- Born: Ronald Macdonald Hutchison 4 July 1872 Lambeth, London, England
- Died: 14 February 1940 (aged 67) Northolt, Middlesex, England
- Occupation: Comedian
- Years active: 1890s–1940

= Harry Tate =

English comedian (1872–1940)

Ronald Macdonald Hutchison (4 July 1872 – 14 February 1940), professionally known as Harry Tate, was an English comedian, who performed in the music halls, variety shows and films.

==Career==

Born in Lambeth, the son of a Scottish tea merchant, he worked as a clerk for the sugar refiners, Henry Tate & Sons, and also performed at evening smoking concerts. At Marie Lloyd's suggestion, he took his stage name from that of the company for which he worked. He made his professional stage debut at the Oxford Music Hall in 1895, and at first was known for his mimicry of performers such as Dan Leno, R. G. Knowles, George Robey, and Eugene Stratton.

Greater success came with his comedy sketch, "Motoring", which he introduced in 1902 and in which he played the part of a new car owner trying to repair it. He soon decided to abandon mimicry and concentrate on sketches, most of which he wrote with Wal Pink. His other sketches included "Running an Office", "Selling a Car", "Billiards", and "Fishing". Tate's sketches "presented him as a blustering - if basically good-humoured - incompetent, convinced that he was in charge of the situation, but never failing to increase the chaos which surrounded him." He toured with a company of six performers, at first including Tom Tweedly and Harry Beasley. He also appeared in West End revues, and appeared in four Royal Variety Performances, in 1912, 1919, 1925, and 1938.

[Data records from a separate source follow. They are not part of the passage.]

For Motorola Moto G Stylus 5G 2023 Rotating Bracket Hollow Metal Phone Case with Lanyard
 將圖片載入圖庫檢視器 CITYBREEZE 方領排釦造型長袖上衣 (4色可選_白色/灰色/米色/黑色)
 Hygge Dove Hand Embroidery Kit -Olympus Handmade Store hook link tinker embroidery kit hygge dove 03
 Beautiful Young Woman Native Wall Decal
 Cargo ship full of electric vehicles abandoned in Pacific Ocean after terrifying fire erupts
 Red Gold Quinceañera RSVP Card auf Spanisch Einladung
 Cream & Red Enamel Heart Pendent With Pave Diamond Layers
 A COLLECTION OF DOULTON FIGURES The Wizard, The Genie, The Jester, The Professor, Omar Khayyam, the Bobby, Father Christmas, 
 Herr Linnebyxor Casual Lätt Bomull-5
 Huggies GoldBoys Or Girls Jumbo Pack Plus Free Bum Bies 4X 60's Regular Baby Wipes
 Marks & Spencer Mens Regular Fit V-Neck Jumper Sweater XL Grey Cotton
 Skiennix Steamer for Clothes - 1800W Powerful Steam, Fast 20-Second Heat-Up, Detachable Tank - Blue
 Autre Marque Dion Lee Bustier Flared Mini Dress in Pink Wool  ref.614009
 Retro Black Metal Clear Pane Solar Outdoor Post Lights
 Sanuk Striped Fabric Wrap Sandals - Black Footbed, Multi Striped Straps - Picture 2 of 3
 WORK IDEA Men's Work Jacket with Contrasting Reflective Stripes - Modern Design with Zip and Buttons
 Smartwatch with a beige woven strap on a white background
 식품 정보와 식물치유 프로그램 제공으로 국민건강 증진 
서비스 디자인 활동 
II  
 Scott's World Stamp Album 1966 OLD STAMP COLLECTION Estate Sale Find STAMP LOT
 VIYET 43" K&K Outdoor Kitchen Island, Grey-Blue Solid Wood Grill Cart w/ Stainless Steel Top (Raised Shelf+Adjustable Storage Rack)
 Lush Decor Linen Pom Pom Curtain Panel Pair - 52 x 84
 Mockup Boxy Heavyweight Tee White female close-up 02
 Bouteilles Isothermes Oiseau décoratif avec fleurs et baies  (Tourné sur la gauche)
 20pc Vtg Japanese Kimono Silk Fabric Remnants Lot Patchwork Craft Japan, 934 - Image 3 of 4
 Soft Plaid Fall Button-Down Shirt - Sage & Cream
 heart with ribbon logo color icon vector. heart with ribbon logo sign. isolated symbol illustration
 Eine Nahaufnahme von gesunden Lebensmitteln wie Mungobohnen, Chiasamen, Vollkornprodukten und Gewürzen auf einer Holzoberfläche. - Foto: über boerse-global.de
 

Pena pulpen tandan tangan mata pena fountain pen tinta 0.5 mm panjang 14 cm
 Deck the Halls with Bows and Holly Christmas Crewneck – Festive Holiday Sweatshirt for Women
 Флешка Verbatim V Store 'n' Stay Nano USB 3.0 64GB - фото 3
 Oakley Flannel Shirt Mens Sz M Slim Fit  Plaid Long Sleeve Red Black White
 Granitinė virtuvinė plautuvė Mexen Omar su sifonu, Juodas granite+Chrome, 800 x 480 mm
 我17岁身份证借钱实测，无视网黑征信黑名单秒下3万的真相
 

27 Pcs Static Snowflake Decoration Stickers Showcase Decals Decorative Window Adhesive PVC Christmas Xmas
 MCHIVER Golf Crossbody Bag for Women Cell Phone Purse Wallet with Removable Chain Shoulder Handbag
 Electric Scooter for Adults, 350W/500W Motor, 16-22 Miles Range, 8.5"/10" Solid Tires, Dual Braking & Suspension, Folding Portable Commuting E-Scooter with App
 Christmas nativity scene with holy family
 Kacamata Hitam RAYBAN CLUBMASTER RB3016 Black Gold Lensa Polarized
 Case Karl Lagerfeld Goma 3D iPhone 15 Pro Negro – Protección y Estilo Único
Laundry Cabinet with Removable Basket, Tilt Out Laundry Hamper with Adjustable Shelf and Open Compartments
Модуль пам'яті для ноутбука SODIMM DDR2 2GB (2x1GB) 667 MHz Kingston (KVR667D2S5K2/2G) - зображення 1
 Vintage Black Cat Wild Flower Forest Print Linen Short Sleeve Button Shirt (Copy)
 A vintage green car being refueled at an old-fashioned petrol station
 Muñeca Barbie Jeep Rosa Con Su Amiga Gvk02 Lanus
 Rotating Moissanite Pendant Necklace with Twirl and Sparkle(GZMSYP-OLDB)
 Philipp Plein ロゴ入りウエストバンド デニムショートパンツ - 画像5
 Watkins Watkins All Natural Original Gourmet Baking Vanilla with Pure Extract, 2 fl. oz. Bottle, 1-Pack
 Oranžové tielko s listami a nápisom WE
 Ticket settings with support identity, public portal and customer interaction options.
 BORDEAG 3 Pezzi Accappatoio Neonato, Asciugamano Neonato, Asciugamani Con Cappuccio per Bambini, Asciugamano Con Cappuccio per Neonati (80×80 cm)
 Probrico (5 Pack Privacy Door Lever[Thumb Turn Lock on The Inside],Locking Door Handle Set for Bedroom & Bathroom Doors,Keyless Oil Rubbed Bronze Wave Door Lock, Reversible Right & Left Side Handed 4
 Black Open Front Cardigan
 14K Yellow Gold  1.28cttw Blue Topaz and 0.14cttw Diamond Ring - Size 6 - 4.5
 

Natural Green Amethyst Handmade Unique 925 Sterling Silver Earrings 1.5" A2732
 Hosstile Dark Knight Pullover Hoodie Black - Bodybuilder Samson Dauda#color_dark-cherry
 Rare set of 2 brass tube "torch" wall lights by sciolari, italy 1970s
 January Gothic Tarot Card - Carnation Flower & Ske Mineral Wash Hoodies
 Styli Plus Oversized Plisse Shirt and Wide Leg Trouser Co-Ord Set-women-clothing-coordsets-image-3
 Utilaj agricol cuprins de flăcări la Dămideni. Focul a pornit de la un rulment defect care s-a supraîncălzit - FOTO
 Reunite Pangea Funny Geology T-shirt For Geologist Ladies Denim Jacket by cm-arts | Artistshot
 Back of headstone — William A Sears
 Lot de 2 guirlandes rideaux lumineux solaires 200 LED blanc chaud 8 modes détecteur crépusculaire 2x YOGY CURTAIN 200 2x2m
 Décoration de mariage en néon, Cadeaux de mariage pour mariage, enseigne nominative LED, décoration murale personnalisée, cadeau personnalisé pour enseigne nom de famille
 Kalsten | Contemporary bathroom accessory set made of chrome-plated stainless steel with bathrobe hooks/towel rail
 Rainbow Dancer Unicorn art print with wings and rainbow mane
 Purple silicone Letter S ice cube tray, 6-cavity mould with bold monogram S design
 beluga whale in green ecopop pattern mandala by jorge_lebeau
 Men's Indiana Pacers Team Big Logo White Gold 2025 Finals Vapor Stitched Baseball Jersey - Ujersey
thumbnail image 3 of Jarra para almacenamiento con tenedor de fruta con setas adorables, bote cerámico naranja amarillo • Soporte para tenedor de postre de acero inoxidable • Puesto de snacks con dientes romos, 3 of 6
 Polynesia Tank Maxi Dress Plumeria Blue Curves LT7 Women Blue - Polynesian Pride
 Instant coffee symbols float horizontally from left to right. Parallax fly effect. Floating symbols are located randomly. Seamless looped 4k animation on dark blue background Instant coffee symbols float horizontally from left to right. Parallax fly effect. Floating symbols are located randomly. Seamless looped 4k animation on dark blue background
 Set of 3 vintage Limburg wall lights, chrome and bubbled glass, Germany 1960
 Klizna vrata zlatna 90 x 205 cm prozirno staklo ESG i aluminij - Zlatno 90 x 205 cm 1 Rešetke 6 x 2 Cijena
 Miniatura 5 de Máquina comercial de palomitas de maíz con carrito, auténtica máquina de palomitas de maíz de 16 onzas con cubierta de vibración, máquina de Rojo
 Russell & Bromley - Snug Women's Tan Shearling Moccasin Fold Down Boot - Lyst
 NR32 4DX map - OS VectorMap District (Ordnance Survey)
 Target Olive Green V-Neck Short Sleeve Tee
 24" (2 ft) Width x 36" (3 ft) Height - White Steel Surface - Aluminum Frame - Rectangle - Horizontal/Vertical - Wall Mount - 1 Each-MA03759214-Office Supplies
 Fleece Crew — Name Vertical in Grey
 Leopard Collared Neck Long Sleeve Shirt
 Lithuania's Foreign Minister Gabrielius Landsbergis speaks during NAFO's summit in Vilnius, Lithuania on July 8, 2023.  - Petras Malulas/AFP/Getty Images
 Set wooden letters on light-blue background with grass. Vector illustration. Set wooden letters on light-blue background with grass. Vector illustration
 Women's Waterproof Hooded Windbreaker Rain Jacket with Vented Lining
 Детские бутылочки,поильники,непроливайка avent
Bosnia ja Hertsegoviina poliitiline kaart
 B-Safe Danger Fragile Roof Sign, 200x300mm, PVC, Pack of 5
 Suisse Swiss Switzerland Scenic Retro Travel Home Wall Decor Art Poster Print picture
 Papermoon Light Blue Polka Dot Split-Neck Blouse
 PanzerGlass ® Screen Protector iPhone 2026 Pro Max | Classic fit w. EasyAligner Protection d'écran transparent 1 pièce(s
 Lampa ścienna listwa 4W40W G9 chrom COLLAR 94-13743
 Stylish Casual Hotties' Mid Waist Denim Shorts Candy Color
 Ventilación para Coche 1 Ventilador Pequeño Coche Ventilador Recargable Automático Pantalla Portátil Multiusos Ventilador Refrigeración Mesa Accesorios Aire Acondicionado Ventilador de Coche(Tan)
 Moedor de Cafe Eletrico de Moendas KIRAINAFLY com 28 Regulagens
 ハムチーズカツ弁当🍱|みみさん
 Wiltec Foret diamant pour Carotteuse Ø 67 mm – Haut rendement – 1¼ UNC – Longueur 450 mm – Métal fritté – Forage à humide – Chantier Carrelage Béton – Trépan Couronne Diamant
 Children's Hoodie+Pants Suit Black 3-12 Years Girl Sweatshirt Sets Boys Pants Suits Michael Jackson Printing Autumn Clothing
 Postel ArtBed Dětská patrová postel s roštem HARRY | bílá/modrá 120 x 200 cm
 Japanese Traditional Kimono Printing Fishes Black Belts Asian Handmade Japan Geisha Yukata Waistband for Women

He wore a false moustache, which he could use to express all kinds of emotion by twitching or moving it. Several catch phrases he used became popular in Britain in the twentieth century, including "Good-bye-ee!", which inspired the popular First World War song written by Weston and Lee; "How's your father?", which Tate used as an escape clause when his character was unable to think of an answer to a question; and "I don't think", used as an ironic postscript, as in "He's a nice chap – I don't think".

Historian and writer Roger Wilmut described Tate as "the greatest of all the pre-Second World War sketch comics, and one of the few artists from before 1914 to be able to maintain his popularity in Variety right through the inter-war period". By the 1930s, the costs of touring with a company became too great, and Tate performed sketches with his son, Ronnie (1902-1982).

Tate was a member of the Grand Order of Water Rats charity, serving as "King Rat" in 1911. He was also a keen motorist. The earliest known celebrity personalised number plate was T 8, owned by Tate

In February 1940 Tate suffered a stroke and died, aged 67, shortly after. While in bed after his stroke he told reporters that he had been injured during an air raid, and because they failed to realise that he was joking this is often given as the cause of his death. He is buried at St Mary's, Northolt. For a time, his son Ronnie continued the act as "Harry Tate Jr.".

==Selected filmography ==
- Her First Affaire (1932)
- My Lucky Star (1933)
- Counsel's Opinion (1933)
- Happy (1934)
- I Spy (1934)
- Midshipman Easy (1935)
- Look Up and Laugh (1935)
- Hyde Park Corner (1935)
- Keep Your Seats, Please (1936)
- Soft Lights and Sweet Music (1936)
- Variety Parade (1936)
- Wings of the Morning (1937)
- Take a Chance (1937)

==Slang usage==
The term "Harry Tate" entered twentieth-century English as a form of cockney rhyming slang, initially meaning "late", because of Tate's comedic routines about automotive troubles. Around mid-1915, "Harry Tate" began to serve as slang for "plate". When the Royal Aircraft Factory R.E.8 biplane was introduced in late 1916 and 1917, the "R.E.8" designation spoken aloud was observed to sound similar to Tate's name, so the fliers nicknamed the aeroplane "Harry Tate". After the war, "Harry Tate" settled into a meaning of "state" in cockney rhyming slang. His name was also used in the nickname of the Royal Naval Patrol Service, Harry Tate's Navy.